Caramel Coloring: Junk science trumps common sense again

“If companies like Coca Cola and Pepsi believe that caving in this time to government mandates based on junk science will prevent similar actions from occurring in the future, they are badly mistaken. Negotiating with one’s enemies only emboldens them to torment you further.”

Former Georgia Congressman Bob Barr writes at the Daily Caller:

Now, thanks not to market forces but to action undertaken by the State of California — the land of fruit, nuts and overzealous nanny-staters — Coca-Cola and Pepsi, its largest competitor, have been pressured to make changes to their soft drink formulas to avoid a new, punitive regulation. Regulators in the Golden State have decided that if the companies don’t change their soft drink formulas, they’ll have to label their drinks as “cancer-causing.”

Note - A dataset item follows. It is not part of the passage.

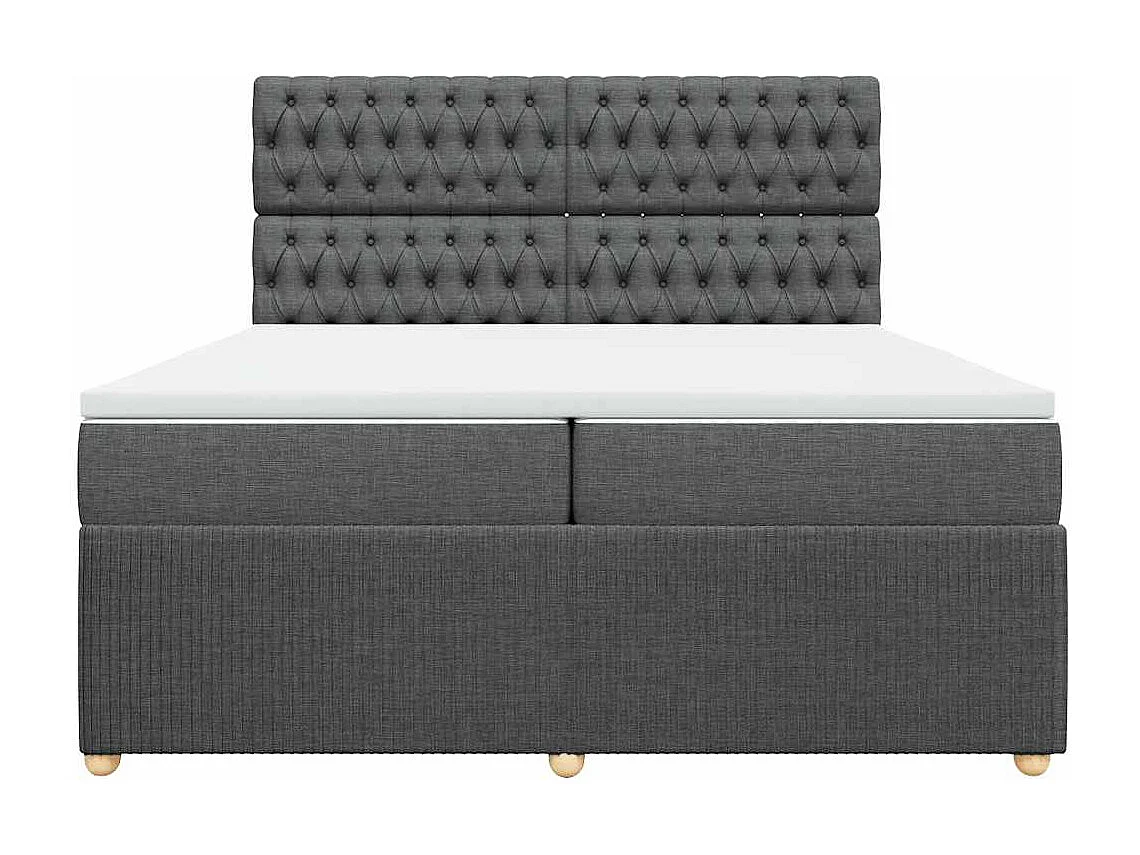 Boxspring met matras stof donkergrijs 200x200 cm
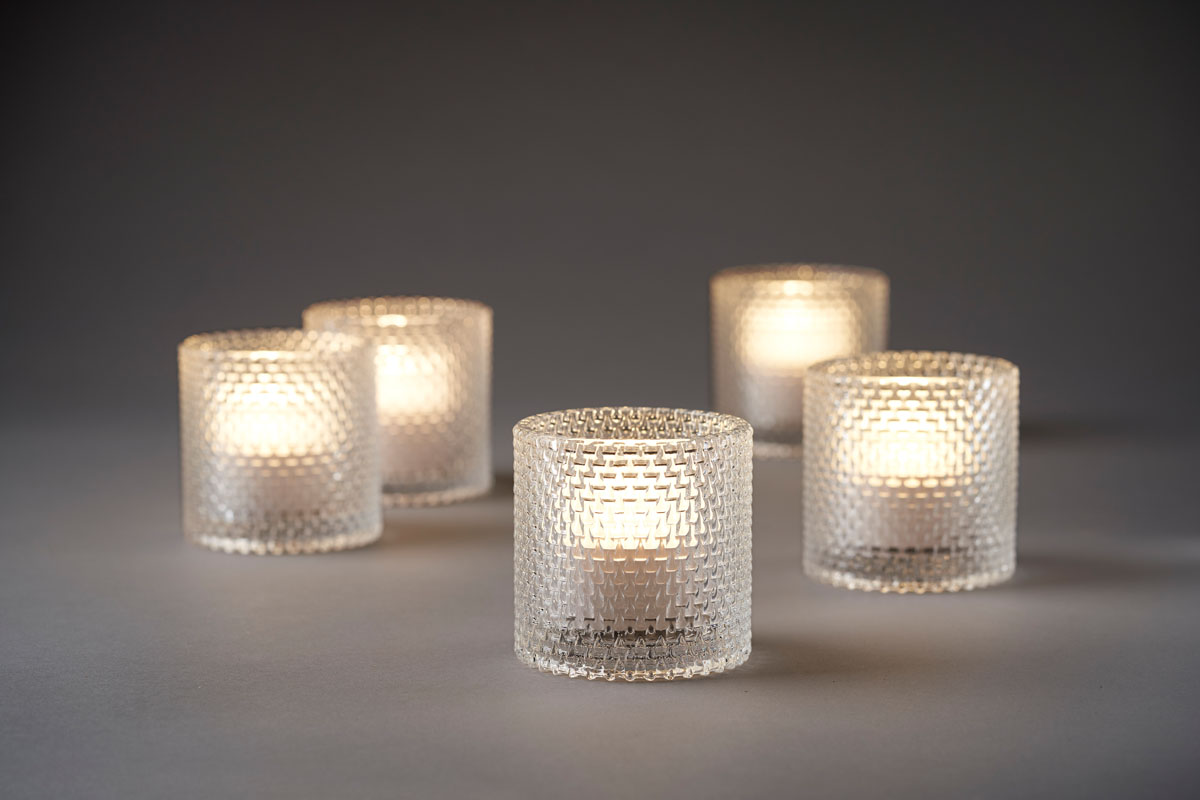 Candle Holder Calm 80 x Ø 80 mm Clear, 6 pcs/box (6 x 1 pcs) | Duni Italy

Regulators have the authority to impose the labeling requirement thanks to Proposition 65, which was passed by California voters in 1986 and has been used as a regulatory hammer ever since. The regulations promulgated pursuant to Prop 65 require that any product containing certain chemicals and ingredients that are deemed to be carcinogens must contain a “clear and reasonable” warning that it “contains a chemical known to the State of California to cause cancer.”

Last October, bureaucrats in the state added 4-methylimidazole, or 4-MI, to the list of potentially dangerous chemicals. Soft drink companies have long used 4-MI to give drinks a caramel coloring.

Bureaucrats reportedly decided to add 4-MI to the list of potentially dangerous chemicals based on the results of a single study, which found that animals exposed to extremely high levels of the chemical developed cancer. The California Office of Environmental Health Hazard Assessment, not wishing to consider any research in conflict with its own, dismissed another, two-year study of 4-MI which found that the chemical didn’t cause rats or mice to develop cancer…

6 thoughts on “Caramel Coloring: Junk science trumps common sense again”

  1. @Paul Penrose

    My fellow video gamers will confirm the latter conclusion of your theory. Some of the largest game developers have pulled out of California and come to my home state of Texas.



    more proof

    (couldn’t find an article dealing specifically with the game industry, but point made.)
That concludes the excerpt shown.